The best universities in both countries recognize the International Baccalaureate (IB), Advanced Placement (AP) and A Level curricula. However, there is a level of familiarity that universities might have with their own country's curriculum. This doesn't mean you won't be entering American universities with A or IB levels, or vice versa. It's important to consider which curriculum is the most suitable for you and your goals. If you want to challenge yourself academically, the IB would be the most rigorous.
Levels A, on the other hand, give you a level of flexibility while still challenging you and allowing you to get the best score due to the structure of your exam. If your school doesn't offer an international curriculum, taking part time AP classes can help improve your college admissions profile. All US universities accept the IB Diploma now and know all its requirements and value. Most US universities offer credit for IB courses (it's worth applying for), and many offer college credit for AP courses as long as exam scores are high. As mentioned above, some can also give credit for A levels.
That credit may allow an incoming freshman to skip the basic course of the 500-person survey taught by a graduate student, or reduce expenses in one semester (if a student has enough credit to skip 3 or 4 of the total courses required to earn a degree).The IB Diploma is an alternative to A-levels for students aged 16 to 18 and does not require any specific preparatory class work, so it can be done directly from the GCSE. It offers a broad curriculum composed of six subject groups: students usually study three at a higher level and three at a standard level. None of them, levels A, AP or the IB Diploma, are better than the others. Everyone is perfectly fine for college and worth it in the most objective way. You will learn a lot, whichever one you choose.
Levels A, IB, and AP are academically challenging and are considered the highest high school options students can take. As an IB alumni, I can certainly attest to the fact that the IB Diploma really develops who you are as a high-achieving student.
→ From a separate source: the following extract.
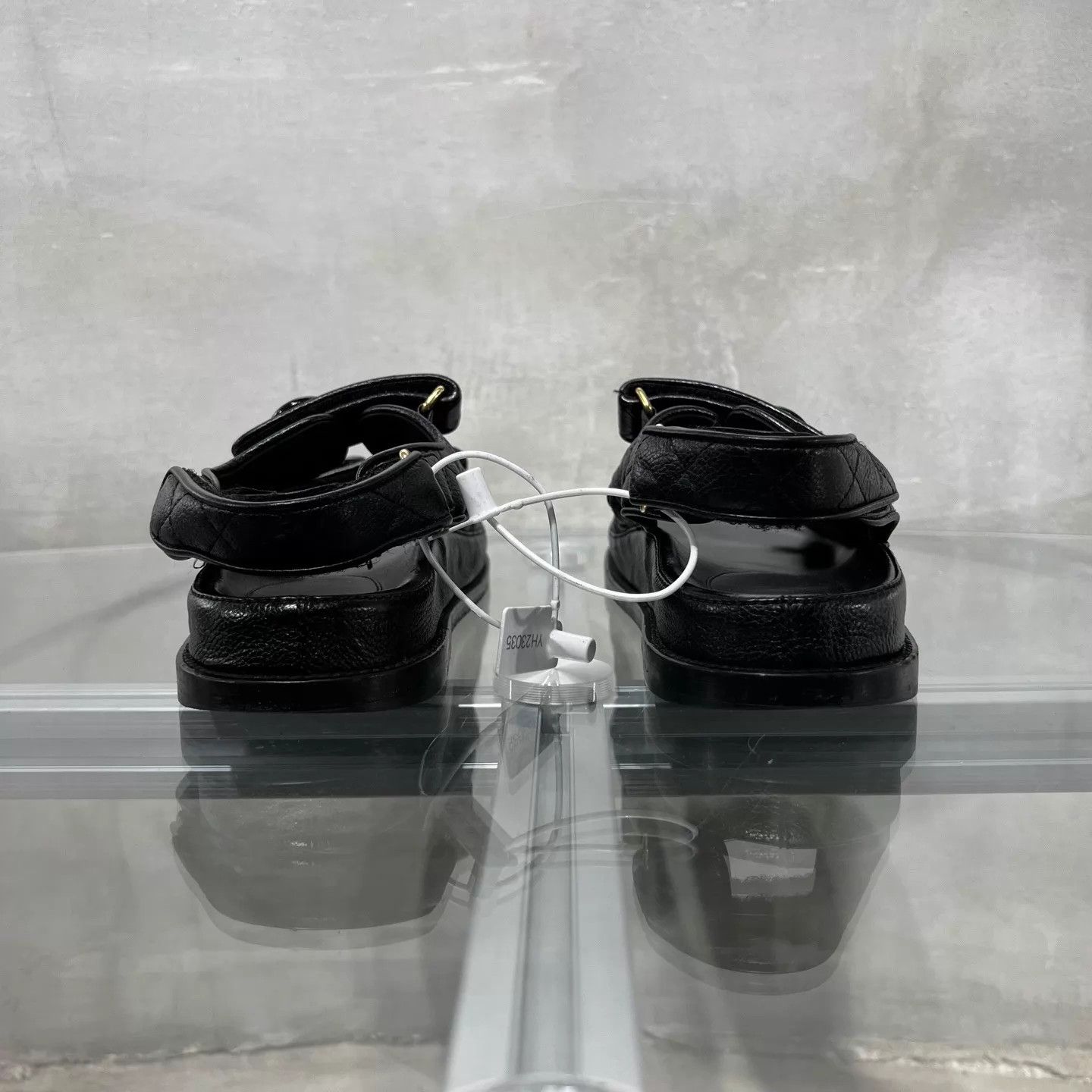Chanel Chanel Black Velcro Sandals Gold CC Logo Size 37 Size US 6.5 / IT 36.5 - 6 Thumbnail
It's a video I found on YouTube that really does a good job of identifying the differences between the AP and the IB Diploma on a summarized scale. The British University and College Admissions Service (UCAS) has developed a fee system that helps compare IB scores with equivalent A-level grades. BUT, for such a specialized field (medicine), some UK universities would want the applicant to have done biology, chemistry and physics at level A, which cannot be done at level IB. The IB Diploma is suitable for students who want to maintain breadth in their choice of subjects and who are willing to work hard in a structured environment and tolerate tackling weak areas. As university admissions officers increasingly care about students with a particular skill set, Fergus Rose, Promotion Director for ACS International Colleges, elaborates on the argument that the IB Diploma better prepares students for university and the rest of the world.
New research reveals disparity between qualities fostered in A-level and IB students. Occasionally, schools advise parents that their child should take the GCSE if he wants to go to a UK university, insisting that UK universities want to see British test results and will not accept international school assessments (transcripts) or internal certificates from, by example, the IB Middle Years Program or an American High School. We commissioned research from the IB and the IB Association of Colleges and Colleges (IBSCA) to survey 80 university admissions officers in the UK (representing almost half of UK universities) to find out which entry degree they preferred. In any case, it is important to consult with your high school's college and career counselor - this is where many US councilors will not know about UCAS applications for UK universities, and British councilors may not know about strategies for US applications (scheduling SAT exams, teacher referrals, college visits and interviews, application deadlines, etc.).I think that if you apply yourself and keep up to date with everything IB has to offer, you'll feel 100% worth it in the end.